Logo, a ABD – Associação Brasileira de Design – tomou conhecimento e também deixou uma mensagem ao Lucas: “Sensacional e feliz por ter escolhido a nossa profissão. Com certeza Lucas já é sucesso garantido. Desenvolveu habilidades para superar as suas dificuldades, e no âmbito do Design, ele já reúne todos os pré-requisitos para oferecer à sociedade soluções inéditas, com base na sua experiência e ótica do mundo!”, diz o trecho da mensagem deixada pela direção da entidade.
Na segunda-feira seguinte, Messias já estava na sala de matrícula com todos os documentos necessários para garantir a vaga de Lucas na faculdade. “Estamos muito felizes e agradecidos, pois a Estácio deu a ele a bolsa de estudos parcial pro curso inteiro, e a coordenação já nos apresentou algumas ideias do que poderá fazer pelo Lucas enquanto ele estiver aqui, então, é muito amor pelo meu filho”, enfatiza Messias.
Diretores, gestores, coordenadores, professores e alunos da instituição de ensino superior se envolveram e se emocionaram com a história do Lucas. “Nós todos temos muito a aprender com o Lucas. Ele é tão diferenciado, tão iluminado, que será uma honra conviver com ele todos os dias e ajudá-lo no que for preciso para que ele chegue o mais longe que quiser e puder”, garante Aline Mendes, coordenadora do curso de Design da Estácio São Luís, que já está em plena preparação de uma exposição das obras produzidas pelo Lucas. “A nossa intenção é expor os trabalhos dele, para que ele consiga vendê-los e, assim, melhore um pouco a renda da família”, anuncia Aline Mendes.
Arte
Lucas mantém em casa um acervo de todas as obras que produz. São telas feitas com amor, que retratam paisagens da cidade, da natureza, além de algumas produções mais abstratas, carregadas de sentimento. “Eu amo expressar o que sinto e faço isso sem dificuldade”, certifica Lucas, que, além dos pés, também usa a boca para dar as pinceladas nas telas.
Como forma de melhorar a renda da família, Lucas mantém ativas contas em algumas das principais redes sociais, na internet, onde publica fotos do trabalho que executa nas artes plásticas e vídeos dos momentos em que produz as obras.
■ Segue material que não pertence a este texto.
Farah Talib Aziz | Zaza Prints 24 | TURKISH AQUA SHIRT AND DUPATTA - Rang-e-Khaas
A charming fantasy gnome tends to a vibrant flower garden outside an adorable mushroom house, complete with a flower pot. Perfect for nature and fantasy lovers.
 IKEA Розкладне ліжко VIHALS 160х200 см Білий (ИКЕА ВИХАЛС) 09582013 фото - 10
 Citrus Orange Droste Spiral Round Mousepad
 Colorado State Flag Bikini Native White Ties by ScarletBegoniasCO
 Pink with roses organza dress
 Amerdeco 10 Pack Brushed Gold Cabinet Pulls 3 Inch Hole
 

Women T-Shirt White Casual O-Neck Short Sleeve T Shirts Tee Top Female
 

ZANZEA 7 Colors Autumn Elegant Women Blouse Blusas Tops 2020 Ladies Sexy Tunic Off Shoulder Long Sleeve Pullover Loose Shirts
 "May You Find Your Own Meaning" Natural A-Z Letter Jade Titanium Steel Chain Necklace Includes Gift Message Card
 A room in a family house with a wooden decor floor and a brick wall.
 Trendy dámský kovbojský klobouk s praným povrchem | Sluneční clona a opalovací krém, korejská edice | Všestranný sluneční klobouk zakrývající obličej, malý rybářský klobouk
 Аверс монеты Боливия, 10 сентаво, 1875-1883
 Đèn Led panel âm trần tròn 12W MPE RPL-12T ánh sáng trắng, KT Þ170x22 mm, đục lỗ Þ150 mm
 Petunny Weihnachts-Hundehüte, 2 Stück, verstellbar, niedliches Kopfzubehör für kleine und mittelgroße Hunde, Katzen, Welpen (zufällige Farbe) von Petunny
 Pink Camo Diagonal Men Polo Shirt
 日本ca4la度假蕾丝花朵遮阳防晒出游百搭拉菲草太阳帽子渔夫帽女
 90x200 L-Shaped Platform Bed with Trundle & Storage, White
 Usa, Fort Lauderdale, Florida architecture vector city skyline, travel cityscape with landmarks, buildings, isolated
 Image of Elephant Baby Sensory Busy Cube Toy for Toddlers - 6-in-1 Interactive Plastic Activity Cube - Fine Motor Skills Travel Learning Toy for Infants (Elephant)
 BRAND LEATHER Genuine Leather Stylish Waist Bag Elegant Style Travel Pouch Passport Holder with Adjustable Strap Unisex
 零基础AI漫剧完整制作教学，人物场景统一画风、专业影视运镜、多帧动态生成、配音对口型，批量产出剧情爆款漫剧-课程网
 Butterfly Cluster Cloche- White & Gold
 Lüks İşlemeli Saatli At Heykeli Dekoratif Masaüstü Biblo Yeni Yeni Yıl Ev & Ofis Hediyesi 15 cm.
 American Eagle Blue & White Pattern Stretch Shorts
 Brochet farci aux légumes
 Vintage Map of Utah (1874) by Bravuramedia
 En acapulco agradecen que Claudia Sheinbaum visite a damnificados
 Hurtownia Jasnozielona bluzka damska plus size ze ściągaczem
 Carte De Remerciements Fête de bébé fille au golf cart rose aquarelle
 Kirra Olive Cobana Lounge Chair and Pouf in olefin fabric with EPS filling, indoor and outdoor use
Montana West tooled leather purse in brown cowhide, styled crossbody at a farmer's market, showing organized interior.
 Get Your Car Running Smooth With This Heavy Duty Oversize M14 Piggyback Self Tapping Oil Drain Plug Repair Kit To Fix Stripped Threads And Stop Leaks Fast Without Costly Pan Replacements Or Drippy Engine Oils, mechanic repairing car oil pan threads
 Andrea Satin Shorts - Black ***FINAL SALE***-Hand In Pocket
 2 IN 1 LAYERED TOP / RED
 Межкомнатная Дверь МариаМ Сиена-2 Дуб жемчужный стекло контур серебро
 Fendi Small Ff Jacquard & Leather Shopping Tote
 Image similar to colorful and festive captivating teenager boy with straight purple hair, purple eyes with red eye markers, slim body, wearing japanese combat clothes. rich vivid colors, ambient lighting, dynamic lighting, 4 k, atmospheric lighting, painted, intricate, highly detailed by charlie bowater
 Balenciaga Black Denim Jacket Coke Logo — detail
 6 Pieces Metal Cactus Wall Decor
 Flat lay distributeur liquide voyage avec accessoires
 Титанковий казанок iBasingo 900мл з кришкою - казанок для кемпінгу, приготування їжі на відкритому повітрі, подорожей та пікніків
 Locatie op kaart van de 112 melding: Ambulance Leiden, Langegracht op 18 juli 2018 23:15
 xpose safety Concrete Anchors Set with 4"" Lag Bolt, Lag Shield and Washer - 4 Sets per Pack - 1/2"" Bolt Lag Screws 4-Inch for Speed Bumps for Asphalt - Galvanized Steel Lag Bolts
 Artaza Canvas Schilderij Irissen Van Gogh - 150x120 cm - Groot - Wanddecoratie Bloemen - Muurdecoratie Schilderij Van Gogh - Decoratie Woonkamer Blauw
Todas estão à venda e é o próprio Lucas quem negocia os preços. “Eu sou uma pessoa feliz porque tenho a capacidade de melhorar, dia após dia, e usar meus dons. Tenho uma família amorosa, um pai dedicado que não mede esforços para me ver feliz e amigos que me ajudaram ao longo dessa caminhada”, conta Lucas, que só tem um limite para continuar a crescer: o céu.